EXERCISE OBJECTIVE -
Please set down exactly the lines of the listing below from the line containing "Brúnó Budapesten - Városnézés - Társasjáték" through the line containing "Фото NDG VOLKSWAGEN", both lines included, leaving out all other lines.
━━ PROVIDED ENTRIES ━━
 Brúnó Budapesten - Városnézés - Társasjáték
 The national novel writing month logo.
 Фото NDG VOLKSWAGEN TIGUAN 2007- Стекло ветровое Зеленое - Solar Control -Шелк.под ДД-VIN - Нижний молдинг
━━━
━━ PROVIDED ENTRIES ━━
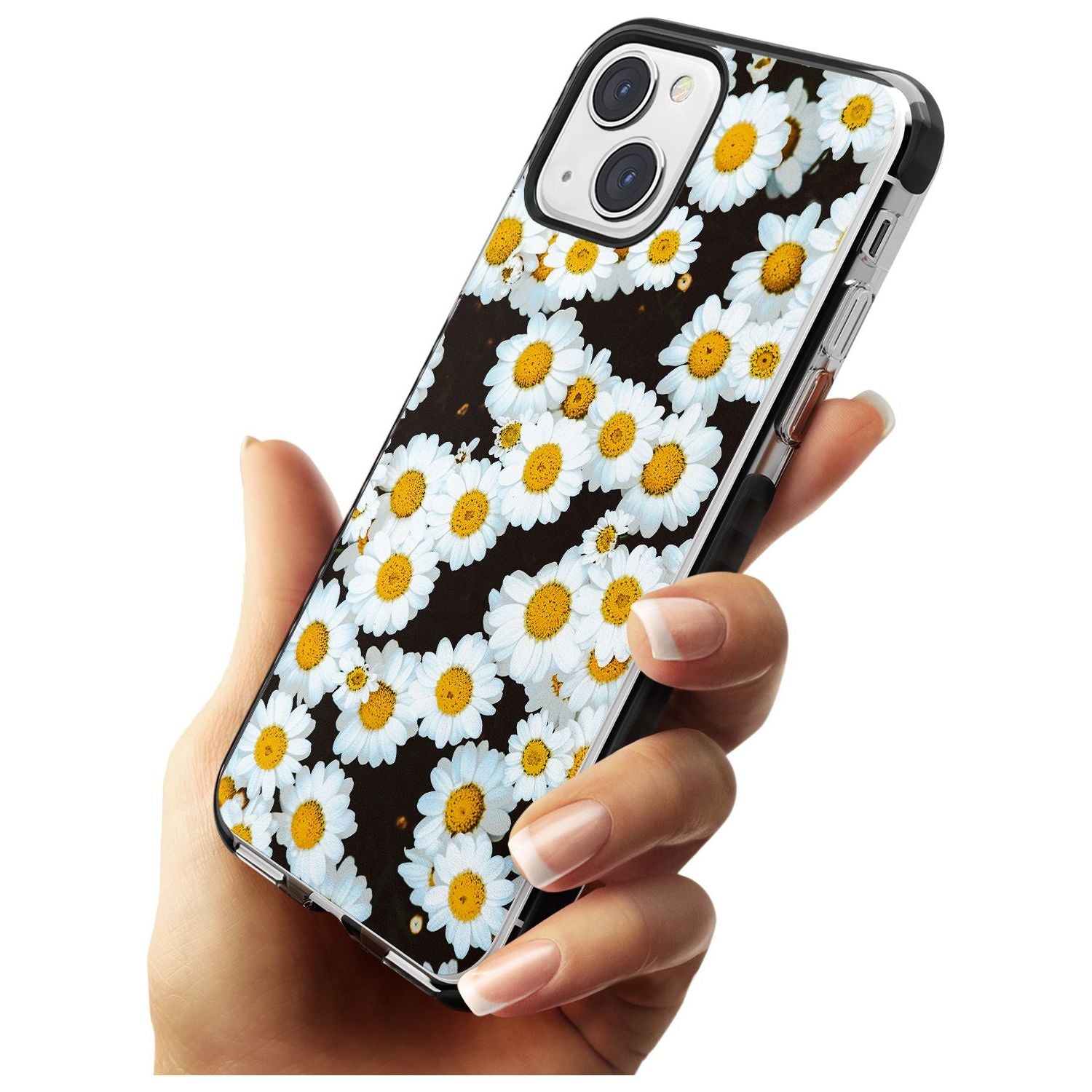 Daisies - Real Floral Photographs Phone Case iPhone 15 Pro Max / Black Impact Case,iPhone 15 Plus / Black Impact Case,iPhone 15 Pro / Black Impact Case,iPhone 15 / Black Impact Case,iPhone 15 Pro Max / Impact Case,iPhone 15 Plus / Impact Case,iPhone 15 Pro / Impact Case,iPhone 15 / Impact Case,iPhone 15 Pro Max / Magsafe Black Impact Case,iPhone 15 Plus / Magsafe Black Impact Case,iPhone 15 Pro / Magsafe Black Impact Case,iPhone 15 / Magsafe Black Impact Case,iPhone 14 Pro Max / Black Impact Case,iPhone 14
━━━
TASK SOLUTION -
 Brúnó Budapesten - Városnézés - Társasjáték
 The national novel writing month logo.
 Фото NDG VOLKSWAGEN TIGUAN 2007- Стекло ветровое Зеленое - Solar Control -Шелк.под ДД-VIN - Нижний молдинг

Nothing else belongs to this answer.